Dans un contexte de rareté de la main-d’œuvre (les postes vacants ont presque doublé depuis le début de la pandémie), les employeurs devraient aussi s’efforcer de trouver des moyens de retenir les travailleurs d’expérience (55 ans et plus), qui sont particulièrement importants dans une économie de savoir.

Sans croire non plus qu’elle réglera tous les problèmes de main-d’œuvre, l’immigration sera aussi un enjeu important cette année. Jamais, en 35 ans, le Canada n’a affiché un solde migratoire aussi faible qu’en 2020 (quatre fois plus faible qu’en 2018 et en 2019). Simultanément, de nombreux résidents non permanents sont repartis dans leur pays d’origine. Il y a donc un gros déficit.

L’immigration a fortement rebondi en 2021, et le Canada a atteint son objectif. Toutefois, en plus d’avoir encore un grand nombre de dossiers en retard à traiter, les gouvernements devront s’efforcer d’améliorer le processus pour les nouveaux arrivants afin que le plus grand nombre possible d’entre eux s’installent pour de bon.

CPA CANADA : L’inflation a beaucoup fait parler d’elle en 2021. Va-t-elle ralentir?
D.-A. Brassard :
La situation est en partie due au déséquilibre entre la demande et l’offre, alors ça pourrait durer pendant le premier trimestre de 2022. Cela dit, les gens auront moins d’argent à dépenser dans les prochains mois, entre autres parce que les programmes d’aide sont moins généreux, alors la situation pourrait se stabiliser.

Quant aux taux d’intérêt, ils ne devraient pas augmenter avant le milieu de l’année ou la reprise au niveau prépandémique des activités économiques.

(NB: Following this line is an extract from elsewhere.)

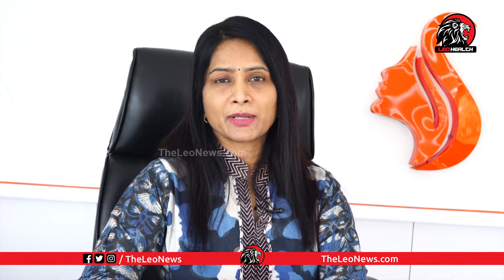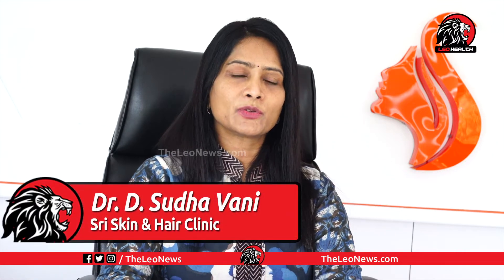Botox injections are given very superficially into the skin after cleansing the face, and they are given in units. Depending upon the lines, we calculate how many units a person requires. Usually for the forehead we give 20 units, for the crow's feet 20 to 30 units, and for the glabellar complex around 20 units.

Tant que ça ne change pas aux États-Unis (où l’inflation est encore plus forte qu’ici), il est peu probable que ça change ici.

En revanche, la hausse du prix des maisons est à surveiller, car le problème d’accessibilité qu’elle a créé dans les grands centres est en train de se répandre à l’ensemble du Canada, en partie en raison du télétravail, qui a permis à de nombreux travailleurs de s’installer où bon leur semblait. Si l’Alberta connaît des hausses de prix encore relativement raisonnables (parce que plus de logements y sont disponibles), la Nouvelle-Écosse et le Nouveau-Brunswick pâtissent d’augmentations de prix comparables à celles des provinces où l’on retrouve les grands centres urbains.

CPA CANADA : Que pouvez-vous nous dire des dépenses faites par le gouvernement?
D.-A. Brassard :
La dette du gouvernement fédéral est passée de 30 % à près de 50 % du PIB. Selon la mise à jour économique et fiscale de 2021, le Canada aura accumulé environ 500 G$ de dette additionnelle d’ici avril 2022 depuis le début de la pandémie. C’est énorme. Si on entend souvent dire que notre taux global d’endettement est bon à l’échelon fédéral, CPA Canada prône plutôt l’adoption d’une cible budgétaire robuste, où la dette ne serait plus uniquement liée à notre PIB. Ainsi, la dette n’augmenterait pas systématiquement quand le PIB croît.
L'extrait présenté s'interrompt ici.